▶ **Goal of the exercise**
From the first line to the last, restate the records word for word, skipping the pictures.
|---|
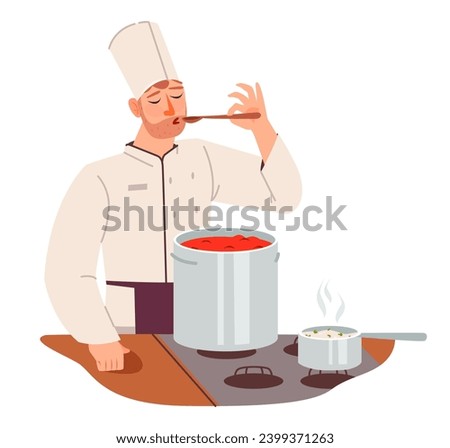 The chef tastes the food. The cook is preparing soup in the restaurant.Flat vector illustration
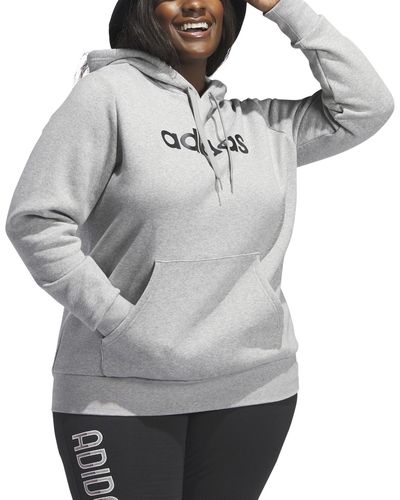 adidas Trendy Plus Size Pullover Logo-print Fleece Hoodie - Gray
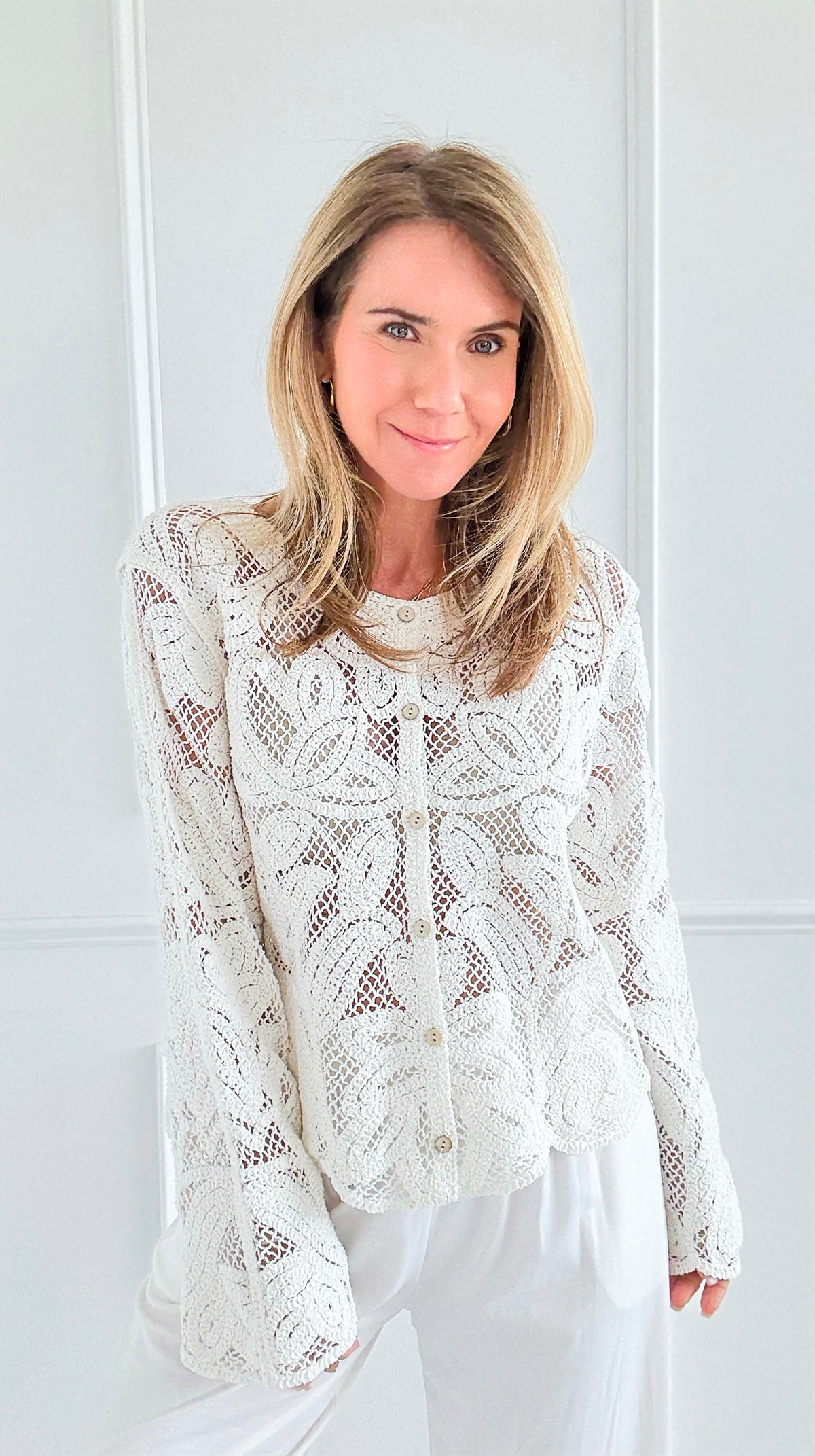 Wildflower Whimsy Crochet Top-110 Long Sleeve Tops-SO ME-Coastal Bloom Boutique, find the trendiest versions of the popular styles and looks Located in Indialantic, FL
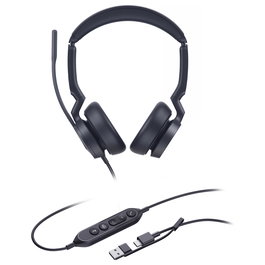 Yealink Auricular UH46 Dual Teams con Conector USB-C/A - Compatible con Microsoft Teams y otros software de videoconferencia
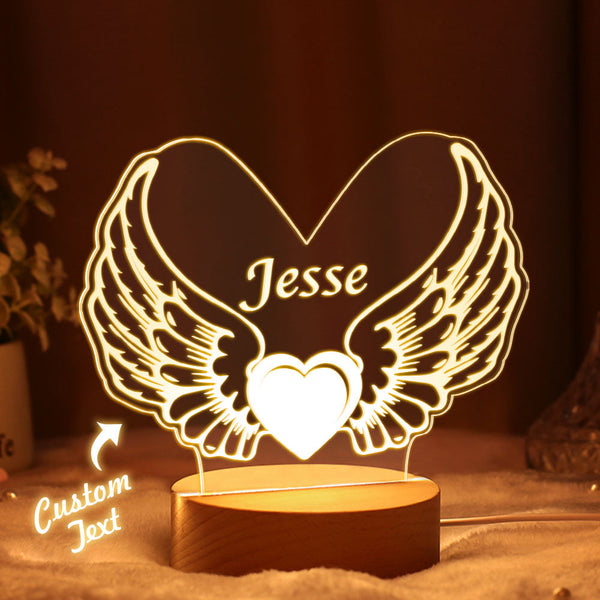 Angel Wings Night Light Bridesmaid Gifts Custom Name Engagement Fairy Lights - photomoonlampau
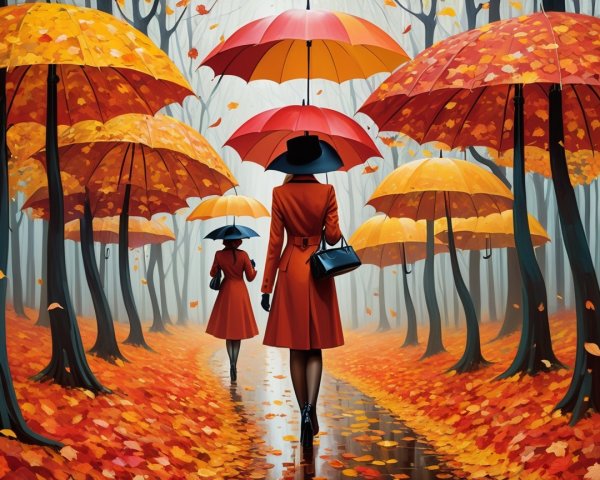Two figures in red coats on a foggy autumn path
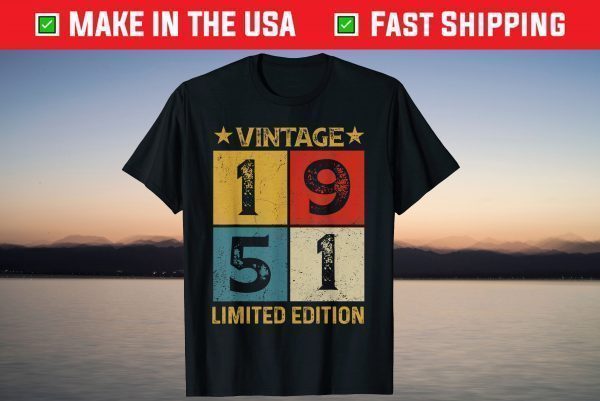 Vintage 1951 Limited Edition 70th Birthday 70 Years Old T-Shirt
|---|
▶ **Answer to the problem**
 The chef tastes the food. The cook is preparing soup in the restaurant.Flat vector illustration
 adidas Trendy Plus Size Pullover Logo-print Fleece Hoodie - Gray
 Wildflower Whimsy Crochet Top-110 Long Sleeve Tops-SO ME-Coastal Bloom Boutique, find the trendiest versions of the popular styles and looks Located in Indialantic, FL
 Yealink Auricular UH46 Dual Teams con Conector USB-C/A - Compatible con Microsoft Teams y otros software de videoconferencia
 Angel Wings Night Light Bridesmaid Gifts Custom Name Engagement Fairy Lights - photomoonlampau
Two figures in red coats on a foggy autumn path
 Vintage 1951 Limited Edition 70th Birthday 70 Years Old T-Shirt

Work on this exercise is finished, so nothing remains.